On a visit to Manitoba, she met Albert Crook, Reg’s cousin. “Albert was introduced to me by my first mother-in-law as her favourite nephew when I took my children west to visit their grandparents.” A year later, Albert and Connie married and moved to Peterborough, where she continued teaching.

As a busy mother, wife and teacher, Crook had little time for creative writing. However, she has no regrets. “I thoroughly enjoyed my years as a teacher.”

Second career
But in 1988, with her family grown, Crook took early retirement and began her second career. She chose to write about Canadian history because “there was so little about our Canadian heritage” for students to read. She chose to write novels because she had “more freedom to bring the characters to life so that the readers live through their experiences.”

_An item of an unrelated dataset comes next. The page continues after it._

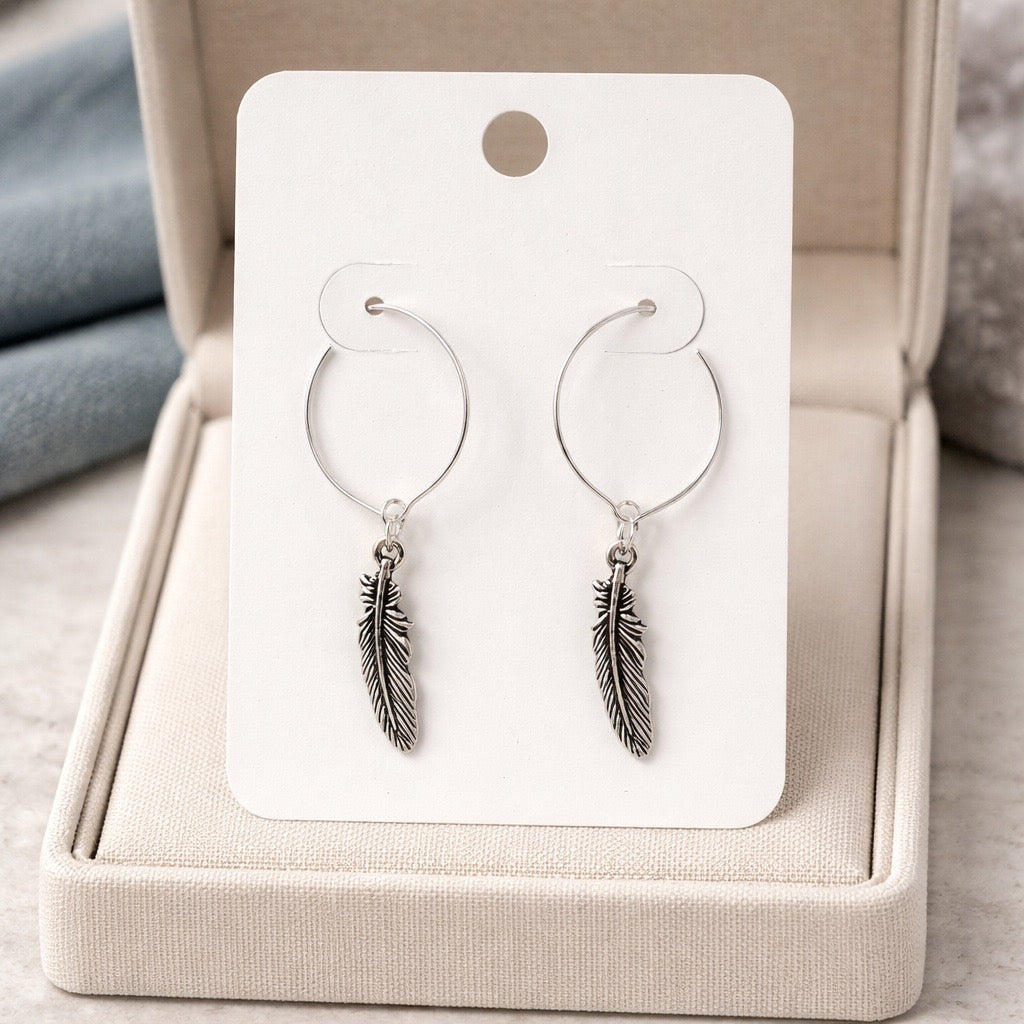 Silver Feather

Reviewers have said her novels are more accurate than some non-fiction books. “Nellie’s Victory, the third in my Nellie McClung trilogy,” says Crook, “is really a dramatized biography. Almost everything that everyone says is, in fact, what they actually did say.”

In the fall of 1989, Crook met Don Bastian, then managing editor of Stoddart Publishing, at the God Uses Ink conference in Toronto. In 1991, after several revisions, her first novel, Flight, was published by Stoddart.

Windflower Press published Laura’s Choice in 1993. Between 1994 and 2001, Stoddart published seven more books. Maple Moon was also translated into French.

Many of her books have won awards. Her most recent, The Hungry Year, won The Word Guild’s 2002 novel award. It was also shortlisted for both Canada’s IODE award and the 2002 Silver Birch Award (given by children in Grades 4-6).It was one of four Regional Silver Birch winners.

The Perilous Year (a sequel to The Hungry Year) will be released this spring by Fitzhenry and Whiteside.

Adult friendly
Children and teens love her books and she regularly receives enthusiastic e-mail and letters, but Crook says her books are not just for kids. Laura’s Choice and Nellie’s Victory, in particular, are novels for adults written in a language that children, too, can appreciate.

Although her books are available from most secular stores, Crook would love to see her books in Christian bookstores and church libraries. “Our Canadian Christian heritage includes many famous people of whom we can be proud. Canadian history and Christianity are not two separate entities.”

We can also be proud of Canadian Christian authors like Connie Brummel Crook.

To learn more, visit www.conniebrummelcrook.com

Nancy Lindquist is a versatile writer, whose work includes four novels for teens. If you would like some Canadian authors’ bookmarks (or enough for your church) contact her at njlindquist@rogers.com or phone toll free: 1-877-842-8754.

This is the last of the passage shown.